Prinsip kerja switching power supply dan klasifikasi
Proses kerja catu daya switching cukup mudah untuk dipahami, pada catu daya linier, biarkan transistor daya bekerja dalam mode linier, dengan catu daya linier berbeda dengan catu daya switching pWM adalah membiarkan transistor daya bekerja dalam keadaan hidup dan mati, pada kedua keadaan ini, daya yang ditambahkan pada transistor pada perkalian volt-ampere sangat kecil (dalam keadaan hidup, tegangannya rendah, arusnya besar; dalam keadaan mati, tegangan tinggi, arus kecil)/perangkat daya Perkalian volt-ampere pada perangkat daya adalah rugi-rugi yang terjadi pada perangkat semikonduktor daya. Dibandingkan dengan catu daya linier, catu daya switching pWM bekerja lebih efisien dengan cara "memotong", yaitu memotong tegangan masukan DC menjadi pulsa dengan amplitudo yang sama dengan amplitudo tegangan masukan. Siklus kerja pulsa disesuaikan oleh pengontrol catu daya switching. Setelah tegangan masukan dipotong menjadi gelombang AC persegi, amplitudonya dapat dinaikkan atau diturunkan oleh transformator. Jumlah kelompok tegangan keluaran dapat ditingkatkan dengan menambah jumlah belitan sekunder pada transformator. Akhirnya bentuk gelombang AC ini diperbaiki dan disaring untuk mendapatkan tegangan keluaran DC. Tujuan utama pengontrol adalah untuk menjaga tegangan keluaran tetap stabil dan prosesnya sangat mirip dengan pengontrol bentuk linier. Ini berarti bahwa blok fungsional pengontrol, referensi tegangan, dan penguat kesalahan, dapat dirancang dengan cara yang sama seperti pengatur linier. Perbedaannya adalah keluaran penguat kesalahan (tegangan kesalahan) melewati unit konversi tegangan/lebar pulsa sebelum menggerakkan tabung daya. Peralihan catu daya memiliki dua mode operasi utama: konversi maju dan konversi peningkatan. Meskipun susunan komponennya sedikit berbeda, proses pengoperasiannya sangat berbeda dan masing-masing memiliki keunggulan tersendiri untuk aplikasi tertentu.

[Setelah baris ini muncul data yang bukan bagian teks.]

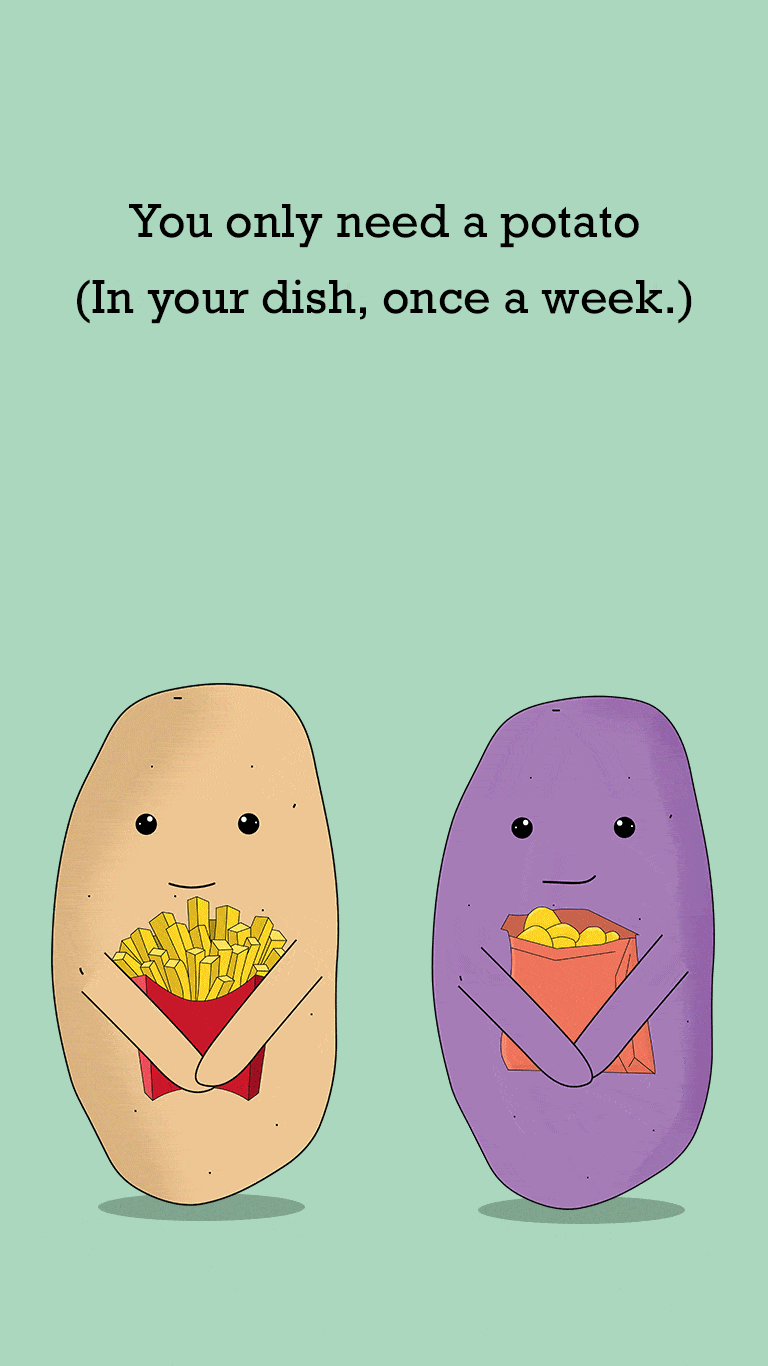 HTML5 Bootstrap Template by colorlib.com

Klasifikasi peralihan catu daya
Orang-orang di bidang teknologi switching power supply adalah sisi pengembangan perangkat elektronik daya terkait, sisi pengembangan teknologi switching inverter, keduanya saling mempromosikan untuk mempromosikan switching power supply ke tingkat pertumbuhan lebih dari dua digit setiap tahun menuju arah pengembangan yang ringan, kecil, tipis, kebisingan rendah, keandalan tinggi, anti-interferensi. Switching power supply dapat dibagi menjadi dua kategori AC / DC dan DC / DC, ada juga AC / ACDC / AC seperti inverter DC / DC converter kini telah mencapai modularitas, dan teknologi desain serta proses produksi di dalam dan luar negeri telah matang. dan terstandarisasi, dan telah diakui oleh pengguna, namun modularitas AC / DC, karena karakteristiknya sendiri membuat proses modularitas, menghadapi masalah teknologi dan proses manufaktur yang lebih kompleks. Struktur dan karakteristik kedua jenis catu daya switching dijelaskan di bawah ini.